In the past few months, I have had several conversations with various people about workplace fears and fears in different life situations. All these conversations happened independently of each other. Many of my discussion partners confessed that they have given up one or another goal or activity because of the fear they have experienced. Some wished they would not fear certain events or situations; others were unsure how to handle their fears.
These discussions made me think about fear, about my relationship with it. It also made me explore why do I see fear as an invitation rather than a hindrance. This post summarises those discussions and my thoughts and experiences with fears at work and in life.
According to Wikipedia, fear is an emotion induced by perceived danger or threat. It causes psychological and behavioural changes, such as mounting an aggressive response or fleeing the threat. In difference to anxiety, fear focuses on a specific threat or event. In contrast, anxiety comes from an unknown or poorly defined threat.
On personal and professional levels, we experience fears whenever we face unknown situations. I probably have been exposed to more unfamiliar situations at my job than some of my discussion counterparts.

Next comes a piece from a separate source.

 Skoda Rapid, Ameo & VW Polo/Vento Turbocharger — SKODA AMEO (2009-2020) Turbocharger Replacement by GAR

Such frequent exposure, combined with the ambition to excel at my job and the natural inclination to self-analysis, have helped me to befriend fear and use it as a tool to recognise opportunities.

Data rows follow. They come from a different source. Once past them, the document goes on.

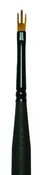 10/0 / Filbert Wisp / Ultra-Short Handle Synthetic Sable Brushes / Mini Majestic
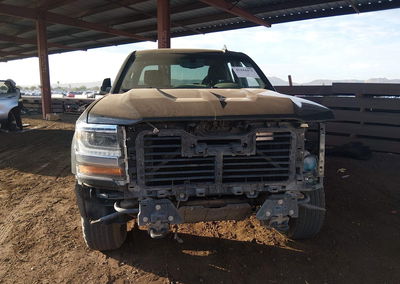 2019 Chevrolet Silverado 1500 Ld Lt, daño Lateral izquierdo, Iaai lote 45444472, foto 18 de 22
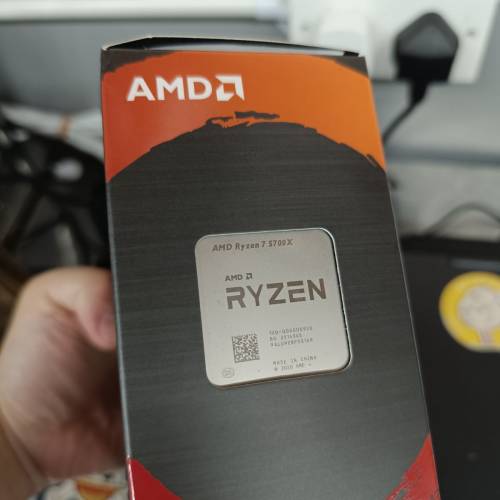 AMD R7 5700X 全新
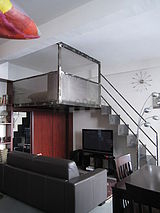 Apartamento París 10° - Salón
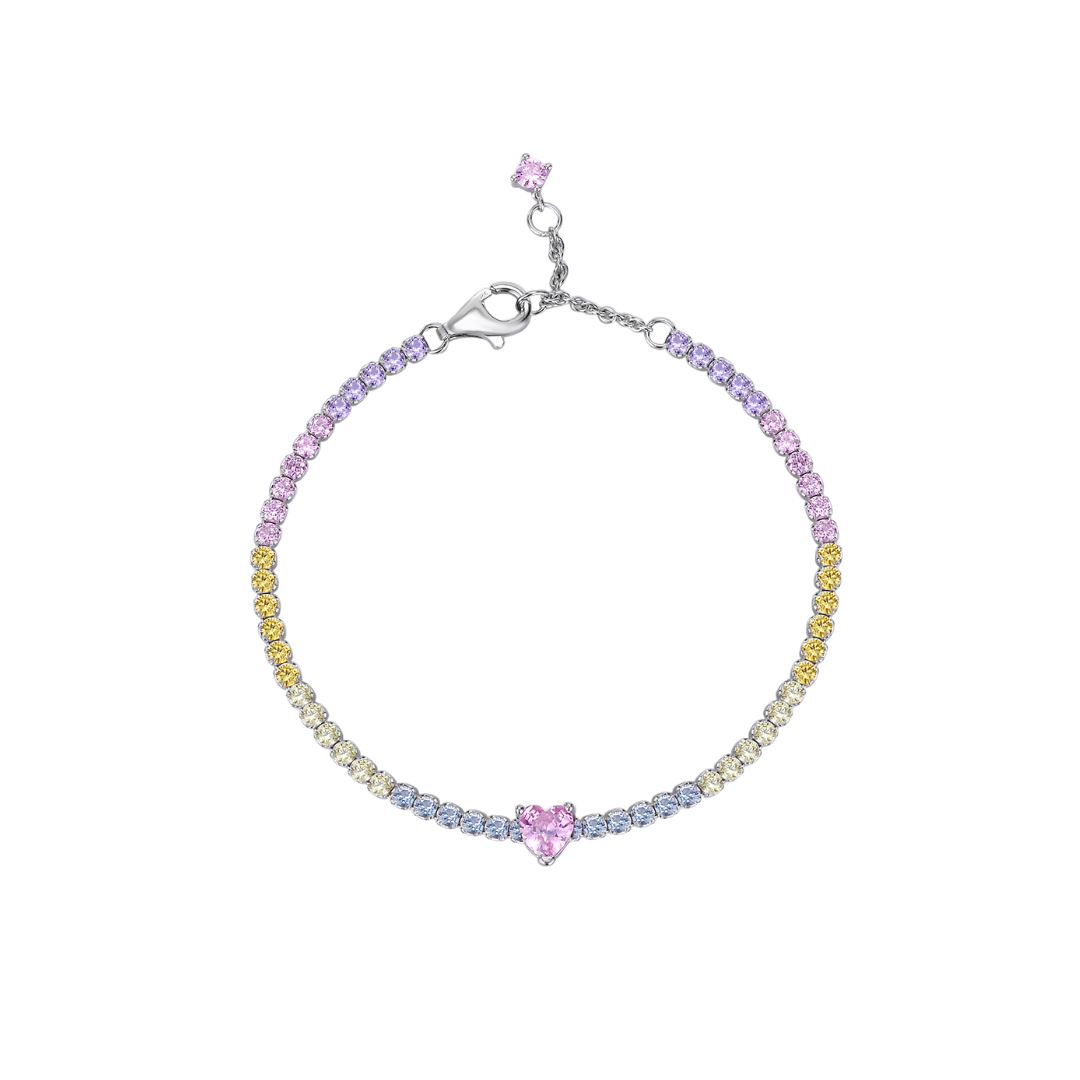 Amore Tennis Bracelet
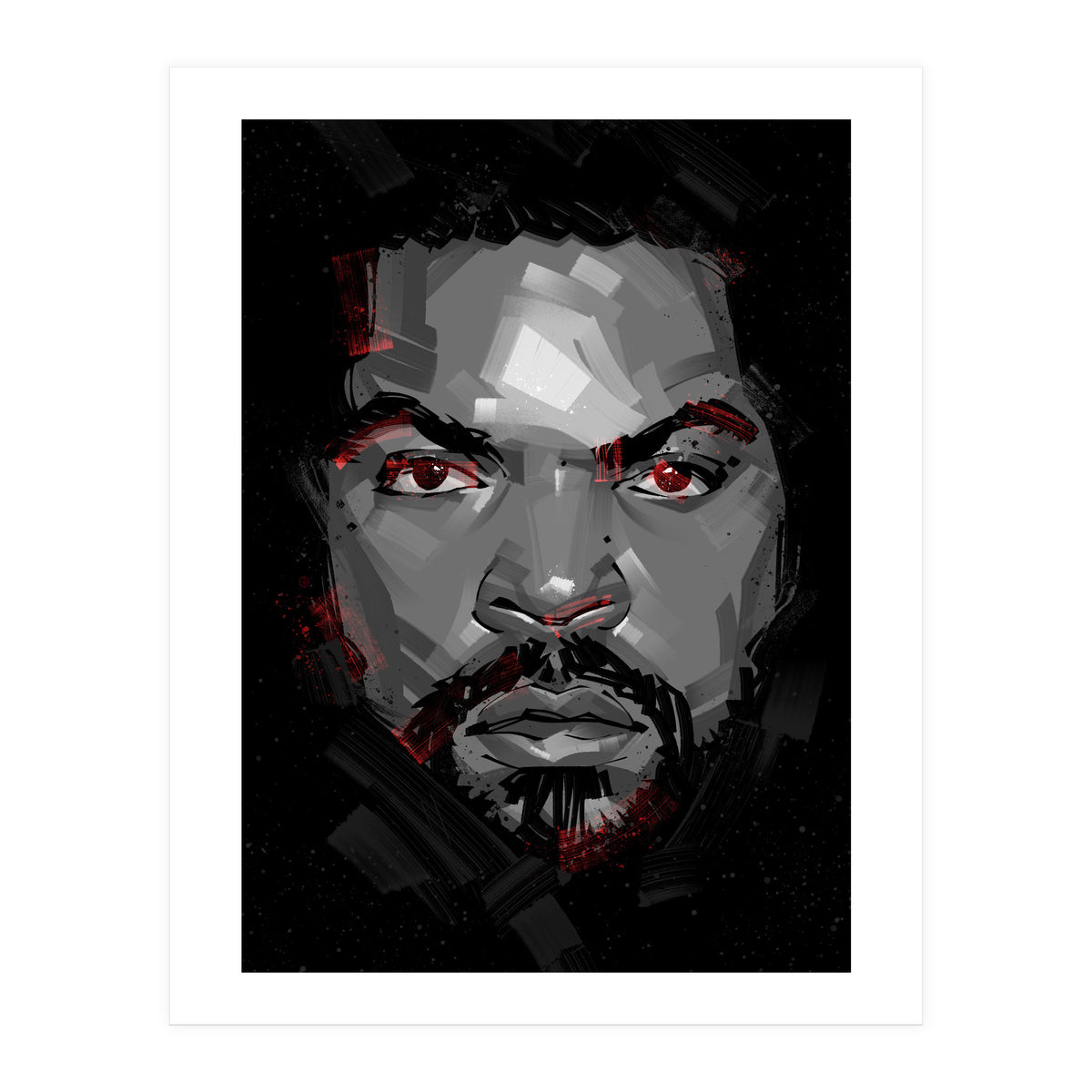 Ice Cube (Print Only)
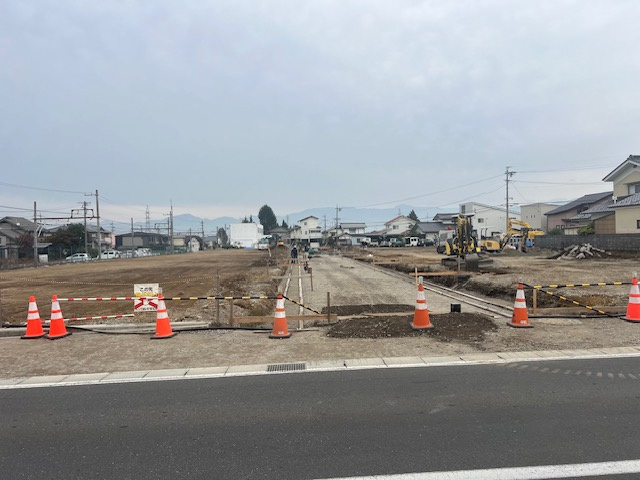 松本市波田森口の外観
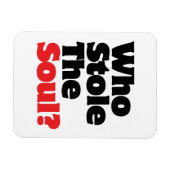 誰が魂を盗んだ？ マグネット (横)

The very first step in managing your fears is being aware you have them. Funny enough, many people don’t consciously analyse the emotions they are experiencing and would automatically label any unpleasant emotion as stress.
To achieve awareness practically, I take few deep breaths to calm my emotions and mind. Then I ask myself, “What is it that I am feeling right now?” Whenever the response is “stress, anger, frustration, unhappiness, sorrow or fear”, I continue by asking myself what has caused me to feel this way. Being honest in my answers helps me identify the cause of my distress.

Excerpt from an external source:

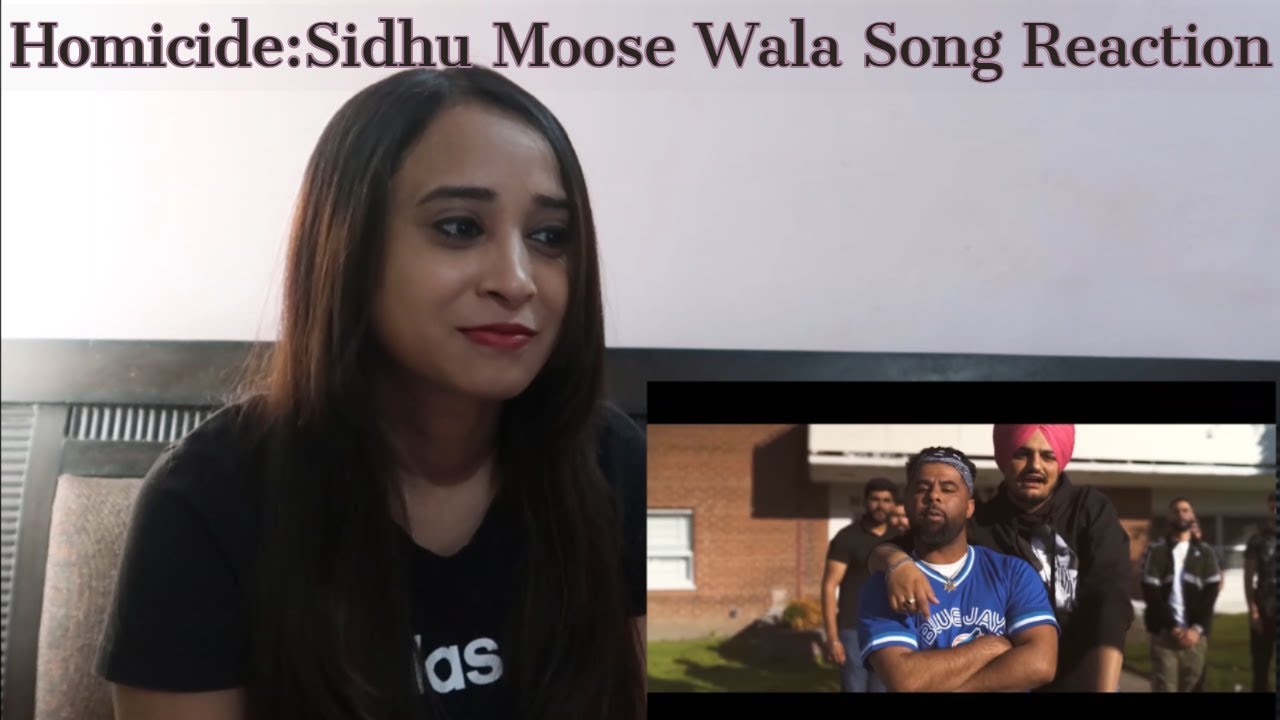 Homicide Song Reaction I Sidhu Moose Wala I Big Boi Deep | Sunny Malton | Byg Byrd | Reaction Mania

An additional bonus here is that diaphragmatic breath, if practised correctly, gives you such cleanness of mind that high-performance becomes almost too simple.
The second step in managing your fears (and any other overwhelming emotions) is acknowledging it exists. Sometimes this step is already enough to change your emotional state.
For me, acknowledgement can only come from a place where there is no judgement. There is no right or wrong answer to those questions. Also, there is no right or wrong way to feel about a new challenge, upcoming change, unfriendly comment from a colleague or forgotten anniversary.
When you put a name to the emotion you are currently experiencing, you permit yourself to feel it. You also show your readiness to accept this emotion without labelling it, trying to ban it or punishing yourself for it.
Once you have named the emotion and acknowledged your right to this emotional response, you can understand that the trigger that has caused this response has no qualities by itself. It is you who empowers it by assigning certain features like scary, impossible, complicated or mean.
By paying conscious attention to the situation that has caused you to feel afraid, you will understand it and study it from various perspectives. It will not simply happen to you anymore – you will be present and actively participate in it.
Being present also allows me to recall a mental inventory list. The mental inventory list reminds me of my professional skills and abilities, strengths and past experiences in similar situations, choices I have already made and the outcomes I have already witnessed.
This quick exercise has two purposes. First, it will help me choose the most suitable response to the situation. In addition, it also empowers me because it shows me what I have already achieved and boosts my confidence.
Response over reaction
The difference between response and reaction is consciousness. Reactions are born in our unconscious minds, like instincts. You don’t pause and think before you react – you allow the subconscious to auto-pilot you.
On the other hand, a response is a thoughtful reply that considers possible outcomes and the goals and previous experiences.
Each time I choose to respond instead of reacting, I change the setup entirely. The emotion no longer controls me; I own it. Being in control allows me to choose the response that I consider appropriate and satisfying carefully.
I was (and still am) afraid of public speaking. The combined load of expectations, attention, challenge and discomfort if I make a fool of myself by making a mistake pressure me. I lose my confidence, sweat, worry, fear that someone could ask me a question I cannot answer.
Do I scold myself for experiencing this fear? Do I try to prohibit myself from feeling this way? Do I regret feeling fear afterwards? Not at all. I understand my fear because I know where it is coming from, and I allow myself to experience it.
There is no use in trying to restrict the emotions – it will only make you more anxious. Instead, you can use the tools you have to ensure the feelings do not influence your performance negatively.
Allowing yourself to be you, feel what your body and mind are currently willing to feel, and be kind towards yourself. Kindness creates kindness, and each time after I’ve spoken in front of the public, I leave the stage feeling grateful for myself. And if I have made some mistakes, I add them to my Growth Compass (a list I keep with all the things I want to know about) to study and master in the future.
I prefer seeing fear as a choice. You cannot influence life to ensure you are never exposed to a situation that scares you. However, you are always in charge of the response you decide to showcase. Instead of submitting and giving up power, you can choose to empower yourself.
An unexpected takeaway from my fear management was the realisation that taking a deep breath before answering any question makes communication with those around me much more enjoyable.
It also lessens the possibility of spontaneous conflicts that could arise because I replied to what I thought was said instead of the actual message.